Nossa vida cotidiana em Berlim revela quem estamos no radar do discurso de ódio: migrantes, muçulmanos, árabes e palestinos, a comunidade queer, transfeministas e ativistas do movimento climático. É por isso que a nossa presença nas ruas é ainda mais urgente neste ano, já que nós e nossas comunidades continuamos sendo alvos em potencial nesse cenário de crescente perseguição, repressão e autoritarismo.
Nos últimos tempos, temos testemunhado uma preocupante direitização das elites e dos governos a nível global. Com políticas de austeridade, precariedade e repressão, os governos progressistas e social-democratas não só demonstraram sua incapacidade de oferecer soluções para as necessidades da classe trabalhadora e das maiorias, como também abriram as portas para que figuras e movimentos de direita se consolidassem. Figuras e movimentos esses, que instrumentalizam a legítima inquietação social, transformando em bode expiatório as “minorias”, dissidentes e os corpos periféricos e racializados.
Na América Latina, vemos isso em figuras desprezíveis como Noboa, no Equador, e Milei, na Argentina, ou nos golpistas de direita que se opõem a governos democraticamente eleitos e progressistas, como o colombiano, o boliviano e o brasileiro. Na Europa, tanto a falência de progressistas liberais quanto a consolidação da força da ultradireita fascista e xenófoba, como o AfD na Alemanha, o Vox na Espanha e o Rally Nacional de Le Pen na França, tornaram-se evidentes após as eleições para o Parlamento Europeu.
Entendemos que esses não são fenômenos isolados, mas que a incapacidade dos liberais-progressistas de garantir lucros futuros e o crescimento de políticas cada vez mais conservadoras são consequência histórica e lógica da atual crise do capitalismo.
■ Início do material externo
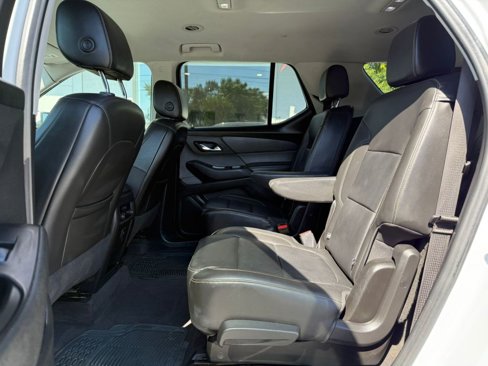 Used 2020 Chevrolet Traverse LT w/ Driver Confidence II Package image 18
Nesse contexto, é essencial lembrar que a luta pelos direitos LGBTQIA+ não é um fenômeno desmembrado dessa trama e que suas origens estão nas tradições de luta e resistência popular, coletiva e anticapitalista. Assim foi tanto com as famosas rebeliões de Stonewall, em Nova York, lideradas por mulheres trans, profissionais do sexo, marginalizadas, negras e latinas, quanto com as lutas da Frente Homossexual de Ação Revolucionária, no México, e da Frente de Libertação Homossexual, na Argentina, que não apenas saíram às ruas para lutar por seus direitos, mas o fizeram pela solidariedade internacional dos povos, contra o autoritarismo e as ditaduras; assim como com as lutas de líderes latino-americanos, como Marielle Franco nas favelas, ou o sindicalista colombiano León Zuleta, a educadora popular Lohana Berkins e muitos outros.
A resistência queer é e sempre foi coletiva e não pode ser limitada a abordagens funcionais aos valores neoliberais de identidade e individualidade, em que o objetivo final é a representatividade (midiática, corporativa ou política), e em que o slogan é apenas “ser une misme”, sem uma visão de construção coletiva.
Nós nos opomos ao consumo colonial de nossos corpos dissidentes e à mercantilização da existência LGBTTTQIA+. Nós nos opomos ao branqueamento da história de nossas lutas queer, porque entendemos que nossa resistência queer, travesti, sapatão foi, é e será centrada na luta contra a estrutura capitalista. Os direitos dos quais desfrutamos hoje foram conquistados por meio de movimentos coletivos, e é essa memória de luta que devemos recuperar e reivindicar. A história nos mostra que, em um sistema capitalista, os direitos não são garantidos permanentemente e sua validade depende de quem está no poder e de seus interesses naquele momento. Neste ano, mais do que nunca, devemos enfatizar a importância da memória coletiva queer em nosso Pride, reivindicando as lutas que nos permitiram obter direitos.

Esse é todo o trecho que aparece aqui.